The Guardian: Tony Blair a été conseillé de travailler avec l'UCK, inquiet qu'il regardât près d'eux.

L'ancien Premier ministre britannique Tony Blair a été conseillé de travailler avec l'Armée de libération du Kosovo en temps de guerre au Kosovo. Les médias prestigieux ont écrit qu'ils ne croyaient pas que l'UCK était beaucoup mieux que les Serbes. Mais malgré les préoccupations majeures de l'ancien Premier ministre britannique, il semblait être trop [...]
Mais malgré les préoccupations majeures de l'ancien premier ministre britannique, qui semblait très proche de l'UCK, Blair a exigé qu'il mette fin aux crimes contre l'humanité, écrit The Guardian.
En général, notre point de départ dans un conflit comme celui-ci devrait être que l'ennemi de votre ennemi est votre ami”, dit le conseil qui est à Blair pour la guerre au Kosovo, selon les documents des Archives nationales.
Nous risquons d'être trop ingrats. Nous ne voulons pas favoriser U CK politiquement à d'autres partis du Kosovo.

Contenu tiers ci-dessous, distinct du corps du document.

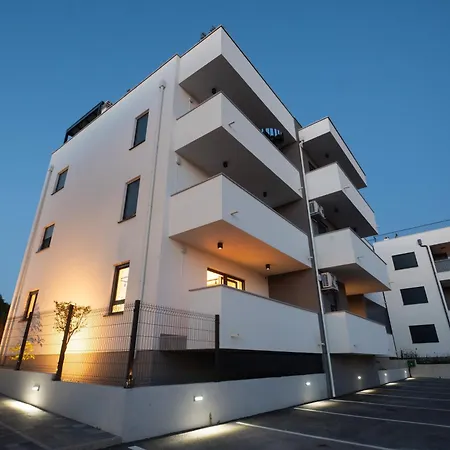 Olive Hills * Zadar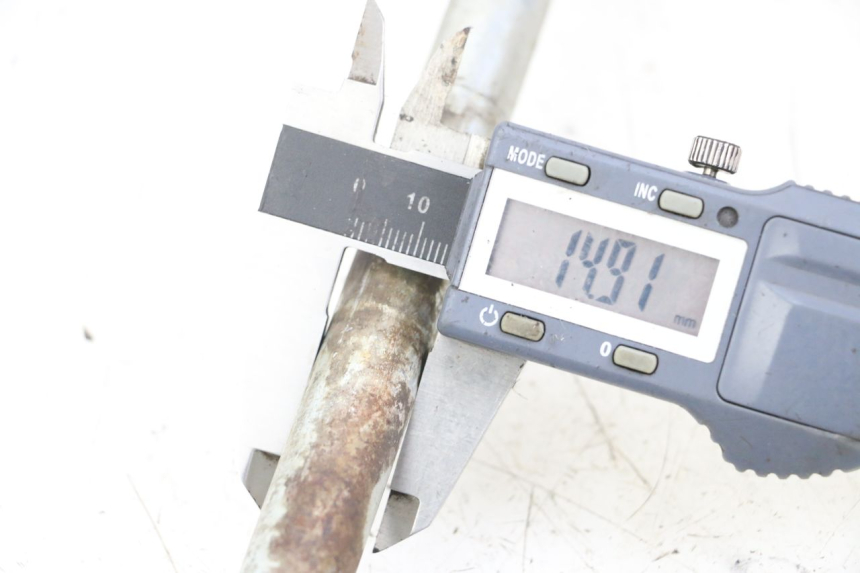 photo de EIXO DA RODA TRASEIRA HYOSUNG XRX 125 (2000 - 2008) - Detalhe da peça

Mais nous devons calculer que l'UCK devient beaucoup plus populaire après ce qui s'est passé [dans les guerres yougoslaves] et admettre qu'ils sont le seul parti avec une sorte d'armée”, dit dans une lettre préparée par John Savers, ainsi que le conseiller pour les affaires étrangères de Blair et plus tard chef des services secrets de renseignements.
Dans sa lettre, Blair et ses principaux collaborateurs, Sabers estime qu'il serait impossible de désarmer l'UCK après le conflit. Au lieu de cela, il a conseillé, il serait préférable de travailler avec l'organisation pour déclarer des élections.
À la fin de la lettre, publiée dans les Archives nationales par le Cabinet vendredi, une main “anonyme” a écrit: “J'accepte”.
La note souligne clairement l'inquiétude que suscite la nature et l'implication de la Grande-Bretagne dans le conflit multiraciale brutal qui a éclaté dans l'ex-Yougoslavie de 1991 à 2001.
Les interventions de l'OTAN comprenaient des frappes aériennes contre les forces de Milosevic, qui sont mortes en 2006 alors qu'elles étaient jugées pour crimes de guerre.
La Grande-Bretagne, sous la direction de Blair, deviendrait alors l'un des meilleurs supporters de l'UCK sous son ancien dirigeant, Hashim Thaci.
En avril de cette année, Thaci a comparu au banc d'accusation du tribunal de La Haye avec trois autres dirigeants de l'UCK, Kadri Veselini, Rexhep Selimi et Jakup Krasniqi, inculpés pour des crimes de guerre dont la coopération présumée pour tuer 102 personnes.
L'équipe de Blair a refusé de commenter les documents des Archives nationales.